Task instructions: All of the lines below are to be transcribed faithfully, with pictures excluded from the copy.
====
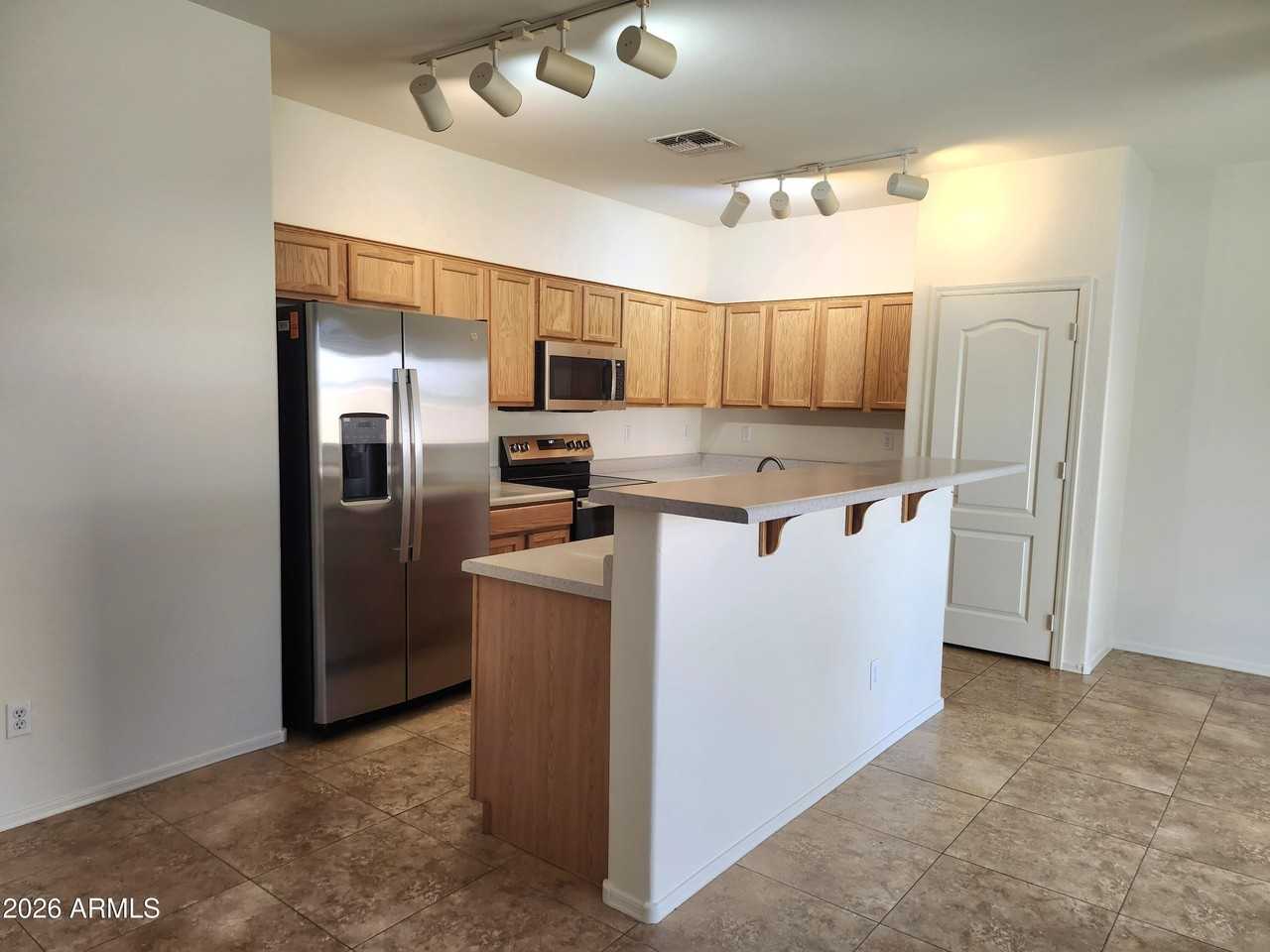 17938 W Port Royale Ln - Photo 4 of 26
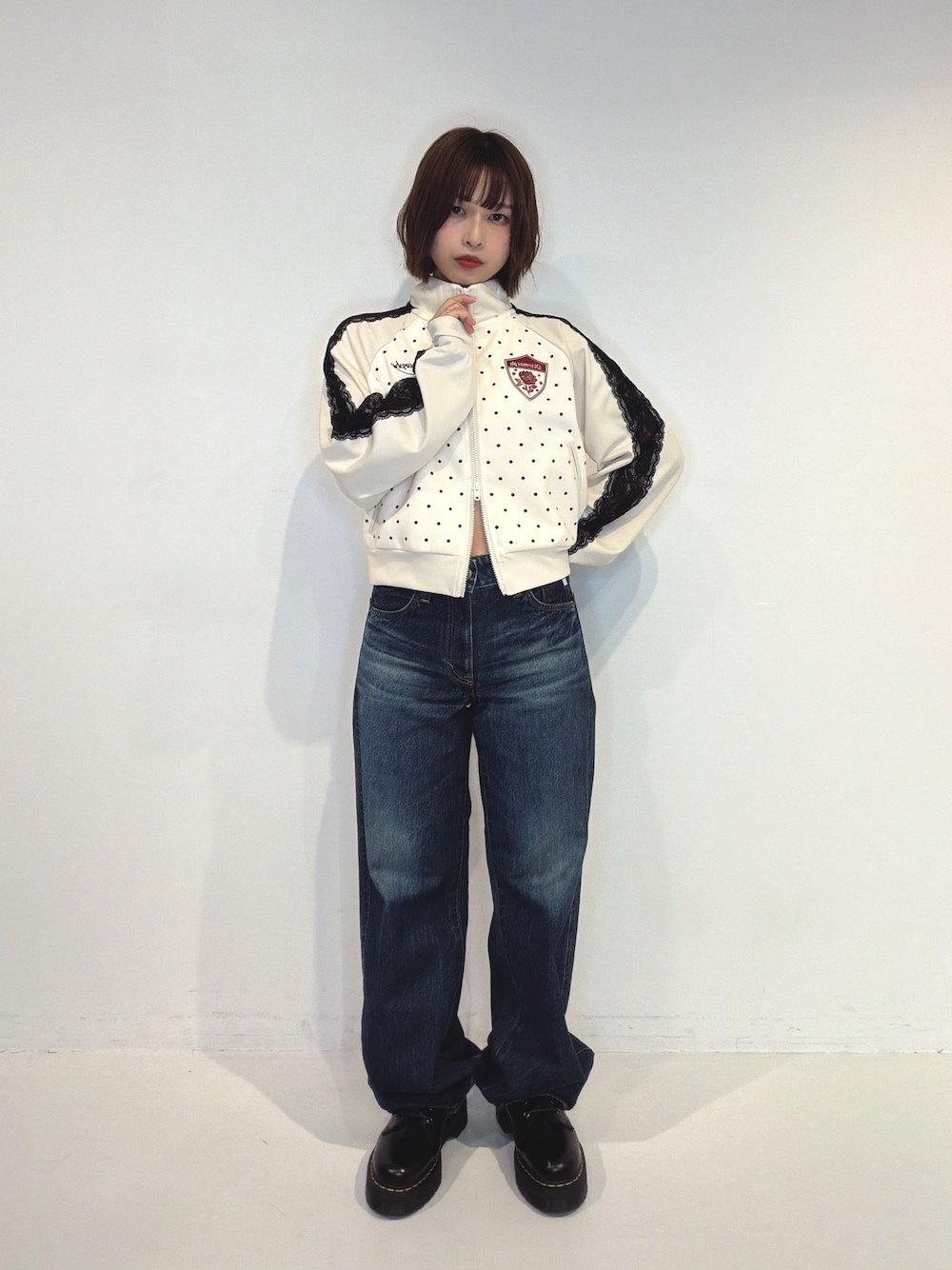 ブルー系のデニムパンツ、ホワイト系のTシャツ/カットソーを着用したレディースの秋コーディネートの1枚目の写真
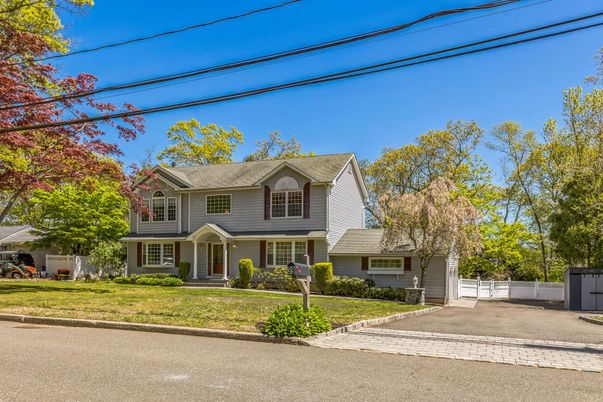 Exterior, Facade, Queen Anne Victorian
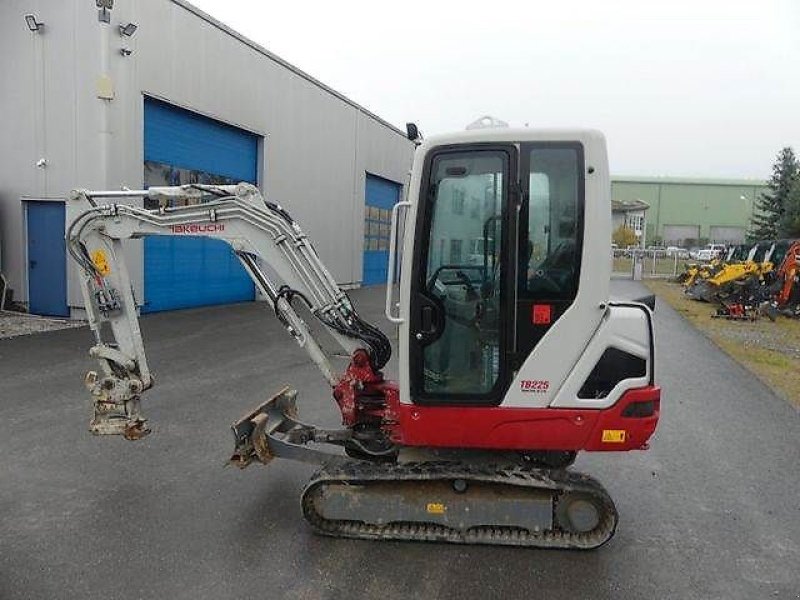 Bagger tip Takeuchi TB 225 A V3, Gebrauchtmaschine in Altenstadt (Poză 5)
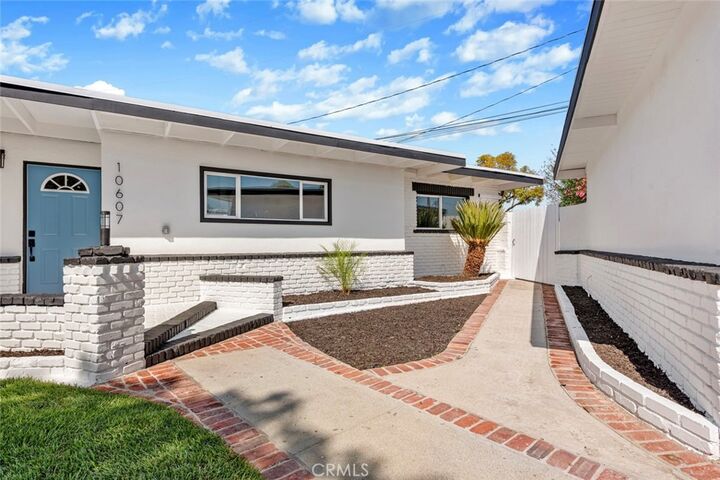 Property Photo:  10607 La Alba Drive  CA 90603 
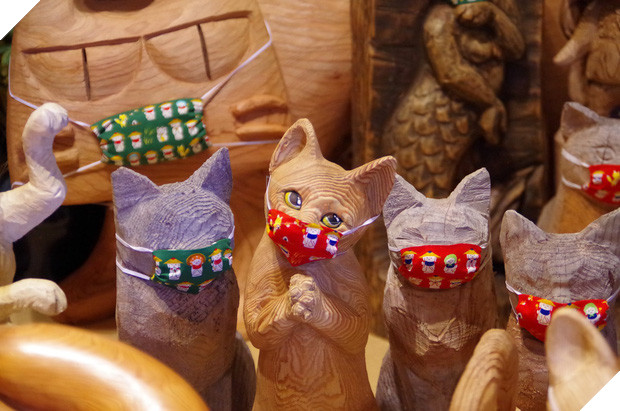 Ngôi đền đặc biệt ở Nhật Bản được mệnh danh là Đền Mèo, trụ trì tự tay làm khẩu trang cho hàng trăm chú mèo gỗ từ tã lót trẻ em - Ảnh 2.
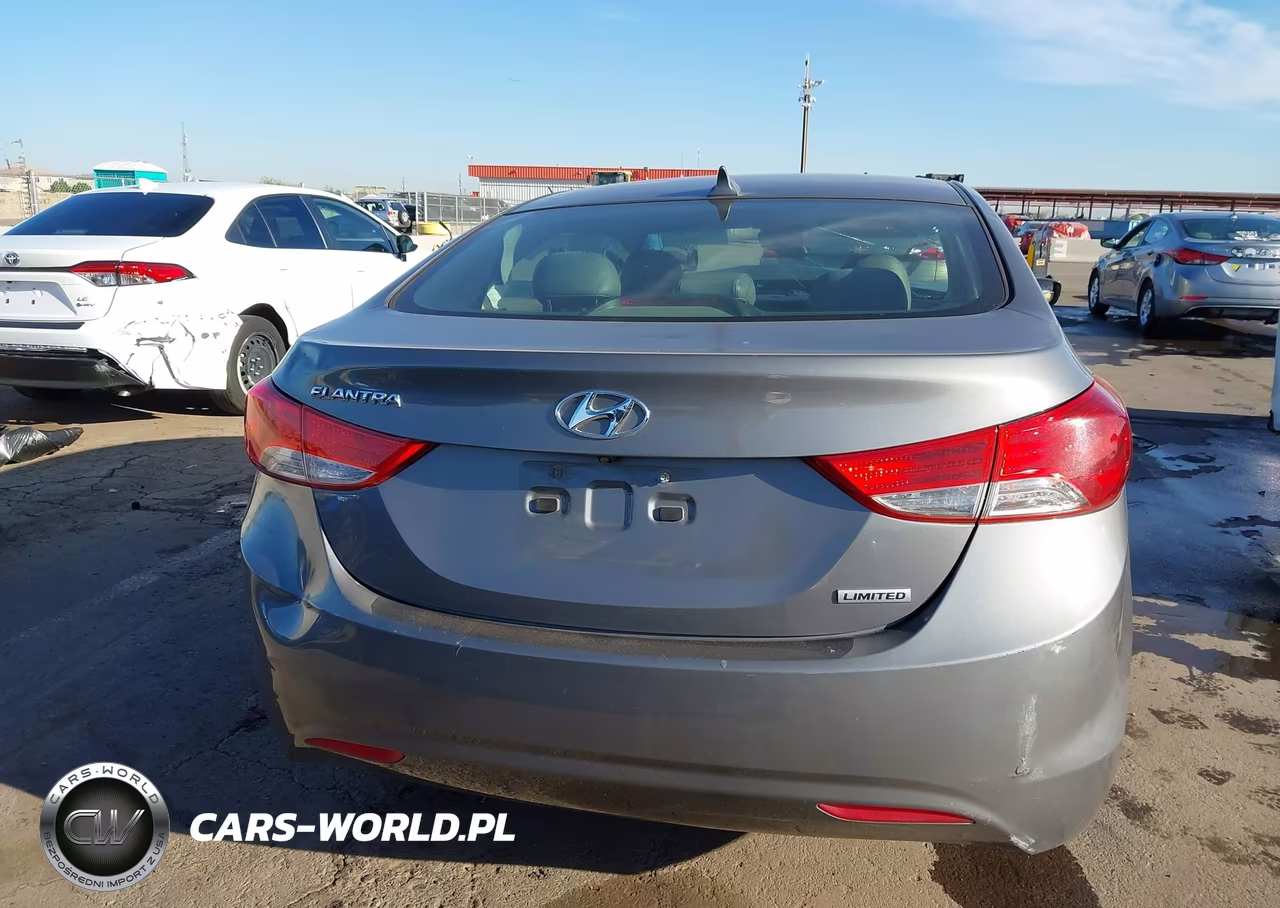 2013 Hyundai Elantra Limited VIN:5NPDH4AE7DH212155 - 17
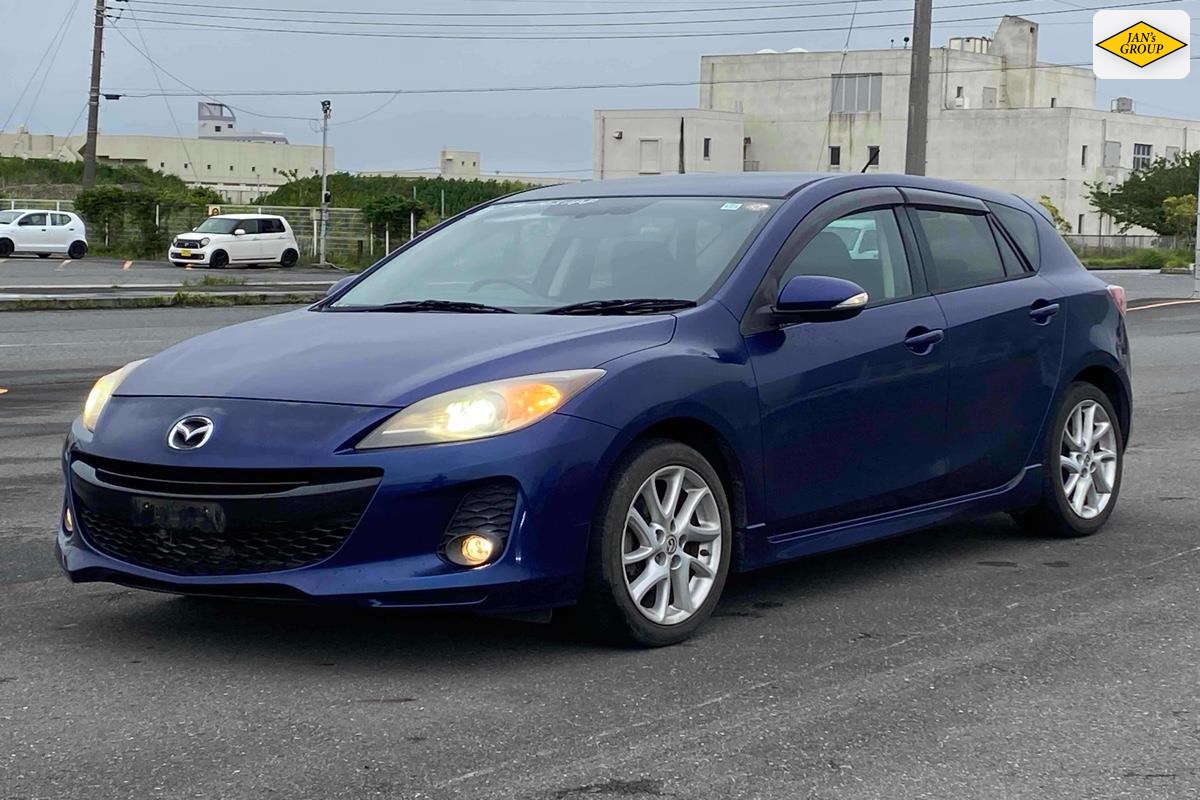 2012 Mazda Axela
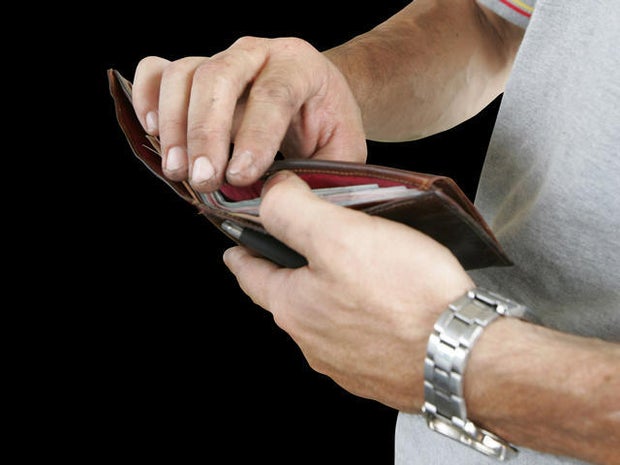 Instant karma for wallet thief who loses own wallet, say cops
====
Solution for this exercise:
 17938 W Port Royale Ln - Photo 4 of 26
 ブルー系のデニムパンツ、ホワイト系のTシャツ/カットソーを着用したレディースの秋コーディネートの1枚目の写真
 Exterior, Facade, Queen Anne Victorian
 Bagger tip Takeuchi TB 225 A V3, Gebrauchtmaschine in Altenstadt (Poză 5)
 Property Photo:  10607 La Alba Drive  CA 90603 
 Ngôi đền đặc biệt ở Nhật Bản được mệnh danh là Đền Mèo, trụ trì tự tay làm khẩu trang cho hàng trăm chú mèo gỗ từ tã lót trẻ em - Ảnh 2.
 2013 Hyundai Elantra Limited VIN:5NPDH4AE7DH212155 - 17
 2012 Mazda Axela
 Instant karma for wallet thief who loses own wallet, say cops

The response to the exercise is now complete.